You work in an investment banking division (IBD) and are based at a bank which divides its M&A staff into sector teams (eg Goldman Sachs) rather than grouping them into one big ‘analyst pool’ (eg. Barclays, for its first years). Which sector teams are best avoided? Recruiters are pretty unanimous: financial institutions groups (FIG) can be a career dead end.
“If you get stuck in a FIG team when you leave university and you don’t like it, you’ll find it very difficult to move into anything else,” says the head of one M&A recruitment firm, speaking off the record for fear of alienating future FIG candidates.
Part of the problem is that junior FIG bankers spend their time building dividend discount models (DDMs) instead of discounted cash flow models (DCFs). “It’s a different skill-set – says the M&A recruiter.

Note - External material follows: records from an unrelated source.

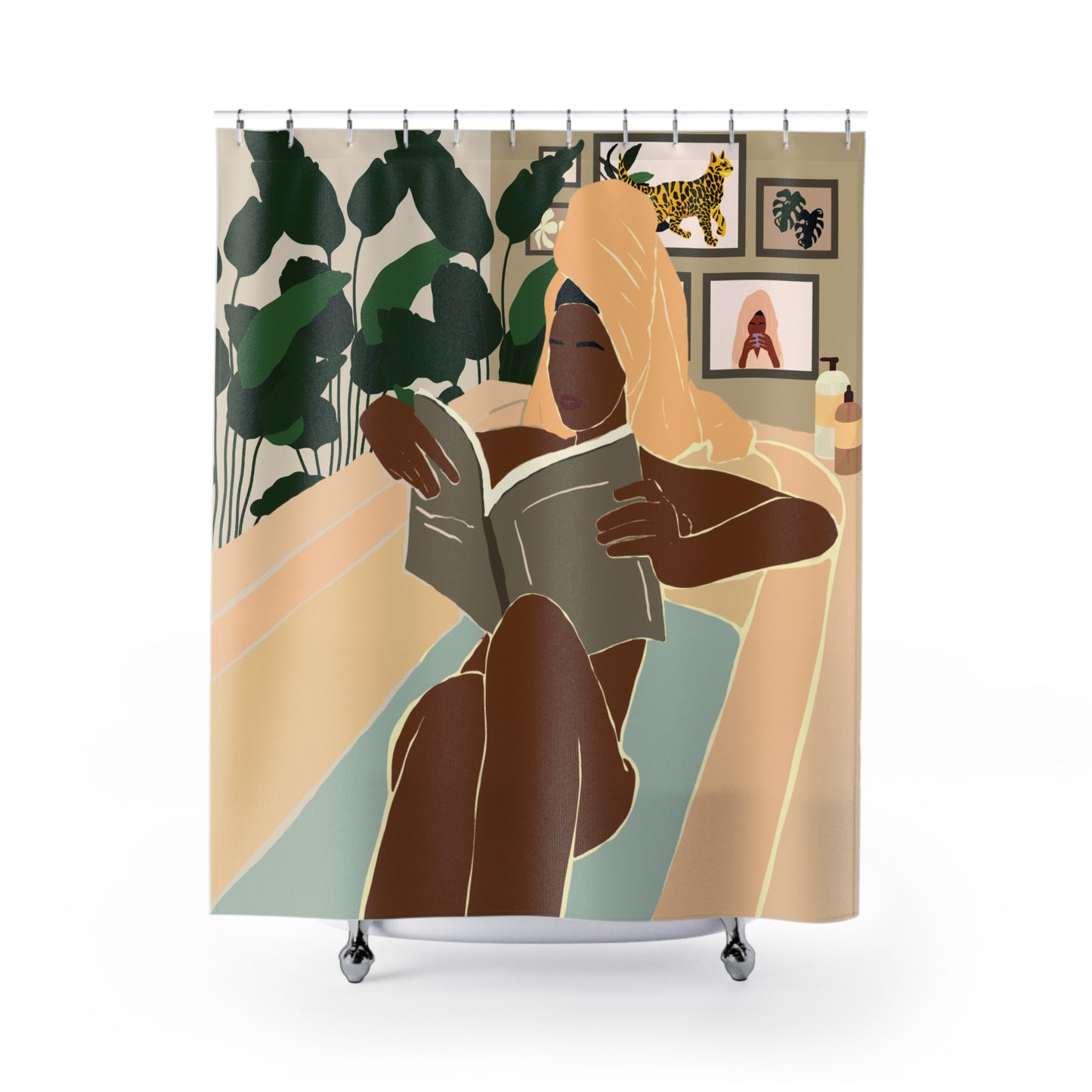 Boho Chic African American Shower Curtain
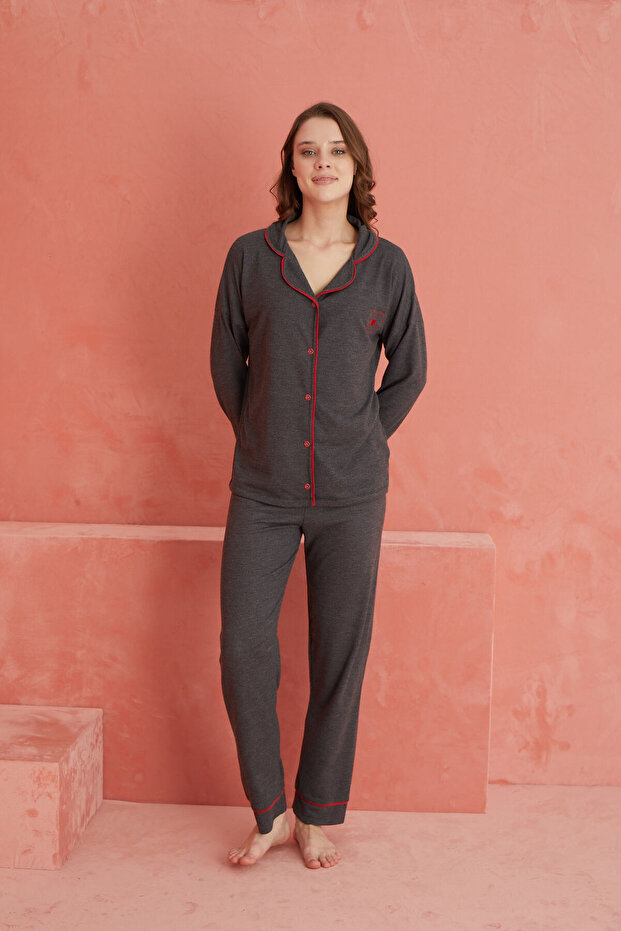 Antrasit Kalp Desenli Kaşmir Önden Düğmeli Pijama Takım - 2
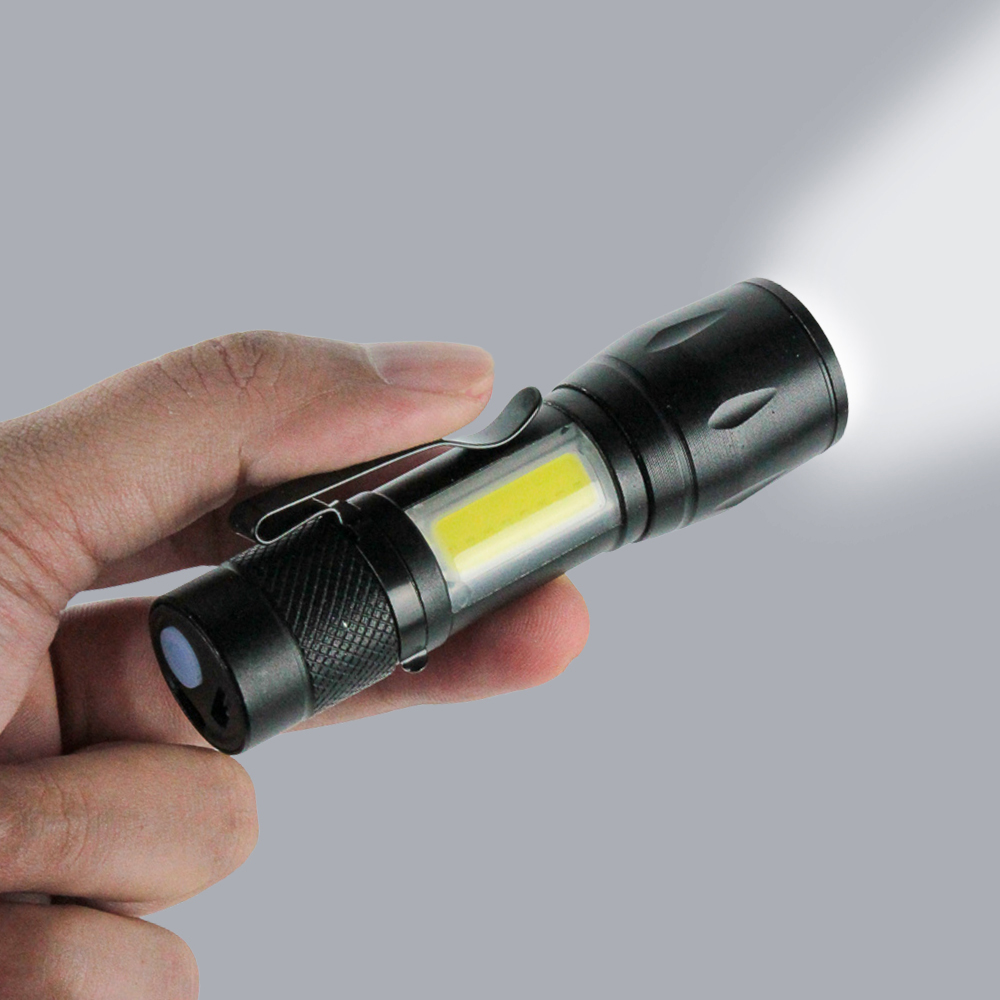 TaffLED Senter LED Mini Rechargeable Q5 dan COB 300 Lumens - 7098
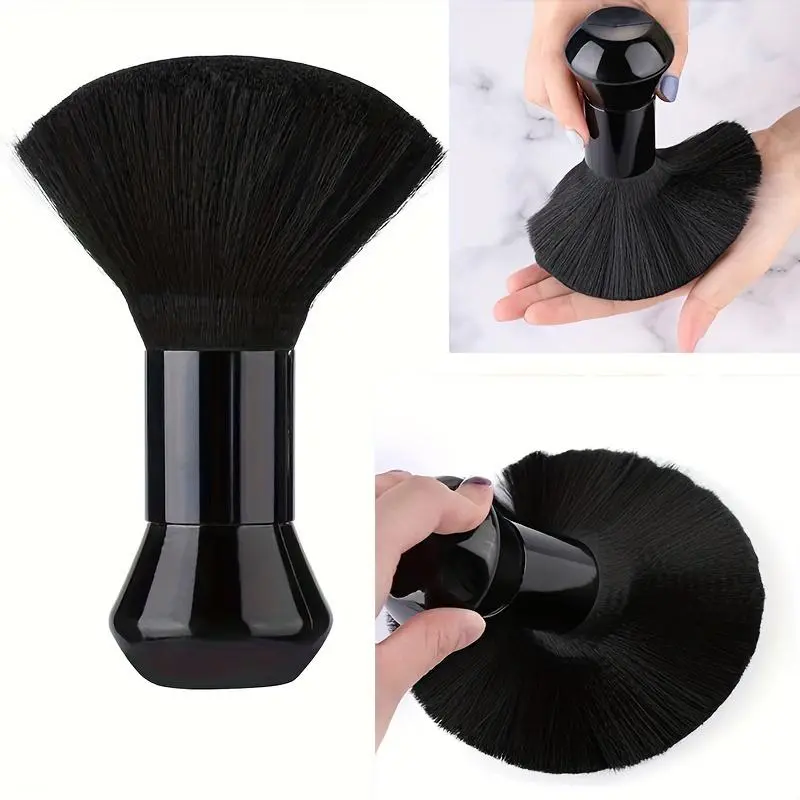 Professional Barber Neck Duster Brush, Hair Cutting Sweep Brush, Salon Styling Hairbrush Tools, 1pc Black Hair Cleaning Brush for Hairdressers, Antistatic Barber Shop Neck Dusting Brush, Soft Cleansing With Brush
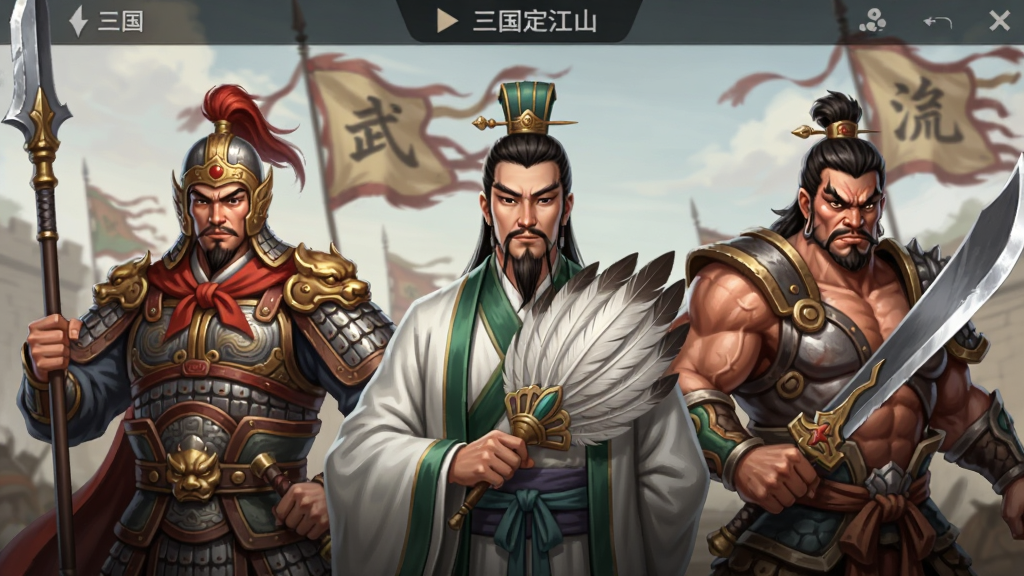 画面主体为三国之定江山游戏中的武将招募界面,中央展示三位三国名将的半身立绘,左侧为持枪武将、中间为羽扇文士、右侧为持刀猛将,布局采用横向排列,风格为写实国风游戏UI插画,细节包含铠甲纹路、羽毛扇面纹理、背景战旗飘动,画质为高清,画面干净无多余文字元素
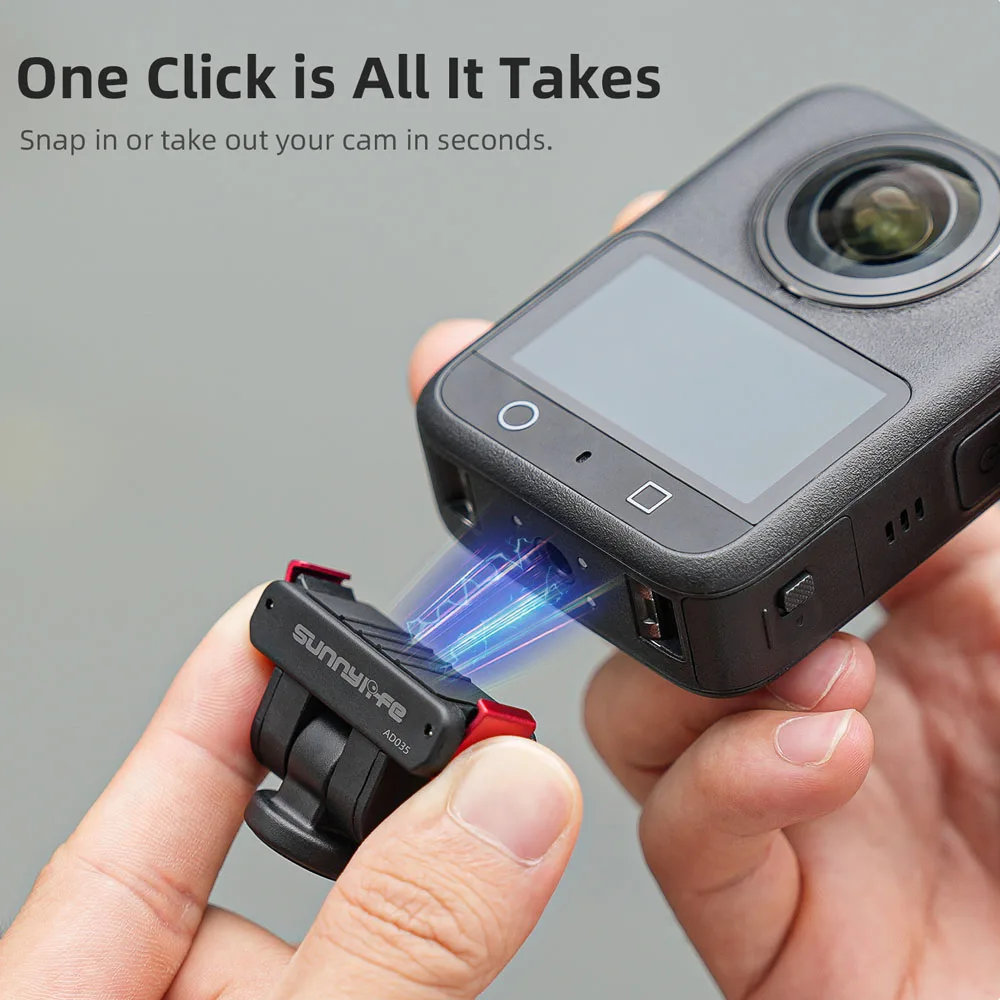 Sunnylife 180 Degree Magnetic Quick Release Adapter Base For DJI OSMO 360/ ACTION 5 PRO/Nano Camera Two Claw Mount Adapter Stand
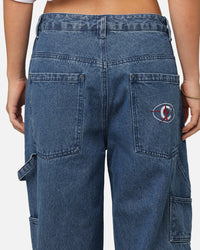 Carre Baggy Carpenter Jeans Mid Blue Denim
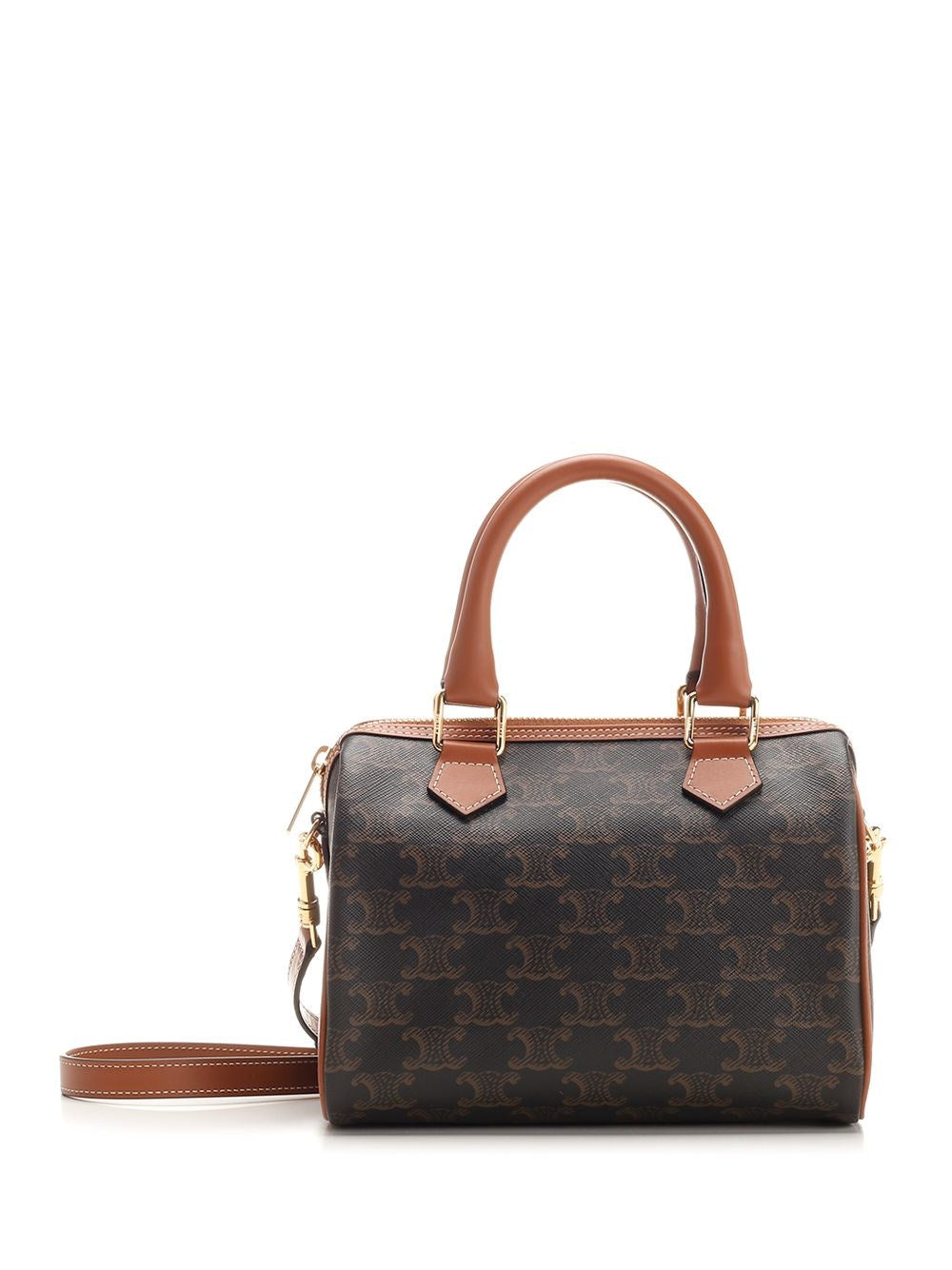 Celine Celine Women Small Boston Bag In Triomphe Canvas And Calfskin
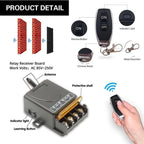 Arenzza wireless remote control switch and receiver kit for electronics, featuring a compact remote and receiver with no wiring.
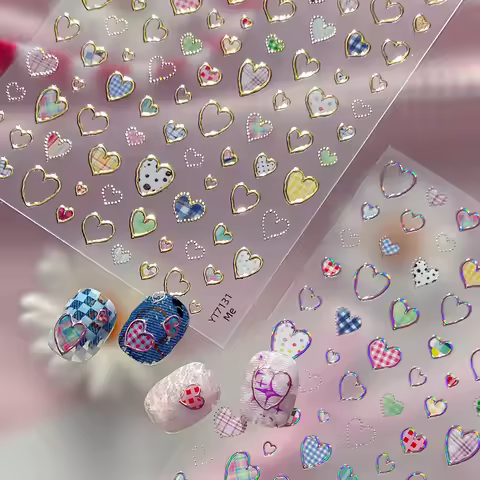 Silver-embossed Heart-shaped Nail Stickers Valentine's Day Colorful Checkered Nails Art Sticker Deco
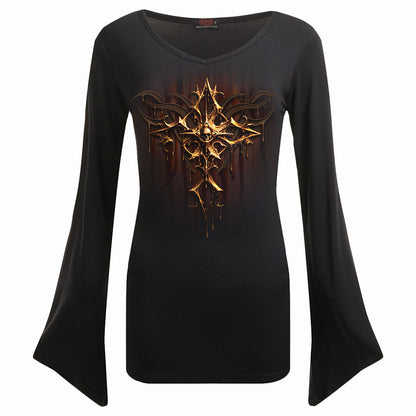 DRIPPING GOLD - V Neck Goth Sleeve Top Black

You spend three years on DDMs and you’re no use to anyone in a different sector.”
Another recruiter of junior M&A bankers, also speaking entirely anonymously, agrees that FIG can be a one way street. “It’s very, very hard to get out,” he tells us. “You’ll find yourself pigeon-holed as a FIG specialist. I constantly get junior FIG bankers coming to me and saying they want a new job in anything but FIG but no one wants to hire them.
“The problem is that the skills are less transferable and in many banks FIG is seen as a corporate development rather than an IBD role – you’re looking at divesting and adding to parts of the bank’s own business,” he adds. “The reality is that most people don’t want to be doing FIG. It’s very rare that I phone people up and say, ‘I’ve got a FIG role’ and they say, ‘That sounds fantastic.'”
Nonetheless, FIG bankers are being hired. There are currently 54 jobs for FIG professionals advertised on eFinancialCareers, compared to 49 for industrials professionals. “FIG is quite unique and more complex than any other area,” says Richard Hoar, a director at recruitment firm Goodman Masson. “Yes, it’s specialized but FIG teams have been consistently busy and are consistently in demand.”
“FIG can be a double-edged sword,” says Logan Naidu, founder and CEO of search firm Dartmouth Partners. “If you want to keep your career options open, it’s very niche. On the other hand, you will develop the kind of knowledge that gives you something unique. Whereas a background in consumer or retail is quite easy to replicate, FIG knowledge can’t be built up overnight. That makes you individual and is valuable in itself.”
For all the warnings about getting stuck in FIG, some people do seem to get out. HSBC, for example, just hired Robert Walker, a former FIG analyst from BNP Paribas. He joined the healthcare team.